Nowhere is this more evident than in the short parable he told at the conclusion of his Sermon on the Mount: “Therefore everyone who hears these words of mine and puts them into practice is like a wise man who built his house on the rock. The rain came down, the streams rose, and the winds blew and beat against that house; yet it did not fall, because it had its foundation on the rock. But everyone who hears these words of mine and does not put them into practice is like a foolish man who built his house on sand. The rain came down, the streams rose, and the winds blew and beat against that house, and it fell with a great crash” (Matt. 7:24 – 27).

We used to sing a song about this in Sunday school that involved a lot of cool motions that showed exactly how the rains came down and the floods came up, how the wise man’s house stood firm, and how the foolish man’s house went splat! Through the years, I heard about how the story represents the importance of building my house on the solid rock of a biblical worldview, about how the best way to protect my faith against the winds and rain of doubt is to build it with the concrete of absolute truth, the joists of inerrant Scripture, and the bearing walls of sound Christian doctrine. And yet, in the words of Jesus, all those apologetics courses and theology books and debating techniques are just castles in the sand without a commitment to love my neighbor as myself. I began to wonder if obedience — with or without answers — was the only thing that could save me from this storm.

Needless to say, that was a strange summer. It wasn’t the summer that brought an end to my doubt, but it was the summer I encountered a different Jesus, a Jesus who requires more from me than intellectual assent and emotional allegiance; a Jesus who associated with sinners and infuriated the religious; a Jesus who broke the rules and refused to cast the first stone; a Jesus who gravitated toward sick people and crazy people, homeless people and hopeless people; a Jesus who preferred story to exposition and metaphor to syllogism; a Jesus who answered questions with more questions, and demands for proof with demands for faith; a Jesus who taught his followers to give without expecting anything in return, to love their enemies to the point of death, to live simply and without a lot of stuff, and to say what they mean and mean what they say; a Jesus who healed each person differently and saved each person differently; a Jesus who had no list of beliefs to check off, no doctrinal statement to sign, no surefire way to tell who was “in” and who was “out”; a Jesus who loved after being betrayed, healed after being hurt, and forgave while being nailed to a tree; a Jesus who asked his disciples to do the same.
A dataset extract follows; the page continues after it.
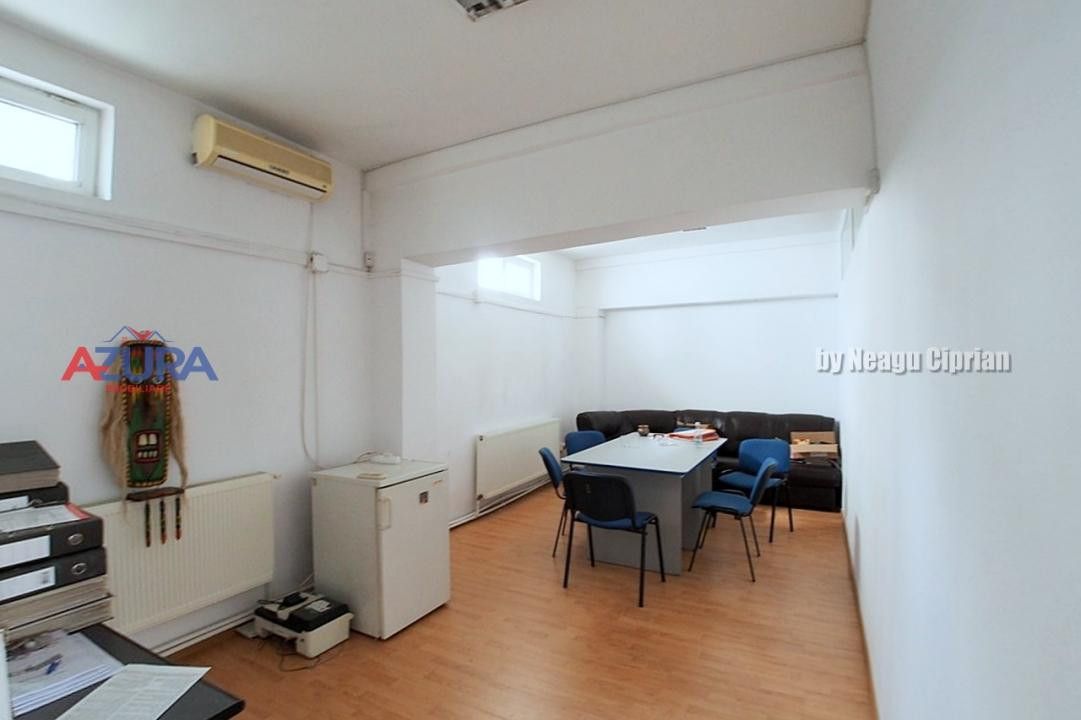 De Inchiriat Spatiu Comercial Ultracentral Pitesti - Poză 5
We all go to the Bible looking for something: sometimes it’s comfort in the midst of sorrow; sometimes it’s confirmation of what we already believe; sometimes it’s facts to add wrinkles to our brains. I went to the Gospels looking for hope for Zarmina and answers to my questions about God. What I found was hope for Zarmina and about a million more questions about God. It occurred to me that if my faith managed to survive all of these doubts, then this radical rabbi, this God in sandals, would require more from me than ever before. This radical Jesus wanted to live not only in my heart and in my head but also in my hands, as I fed the hungry, reached out to my enemies, healed the sick, and comforted the lonely. Being a Christian, it seemed, isn’t about agreeing to a certain way; it is about embodying a certain way. It is about living as an incarnation of Jesus, as Jesus lived as an incarnation of God. It is about being Jesus . . . in tennis shoes.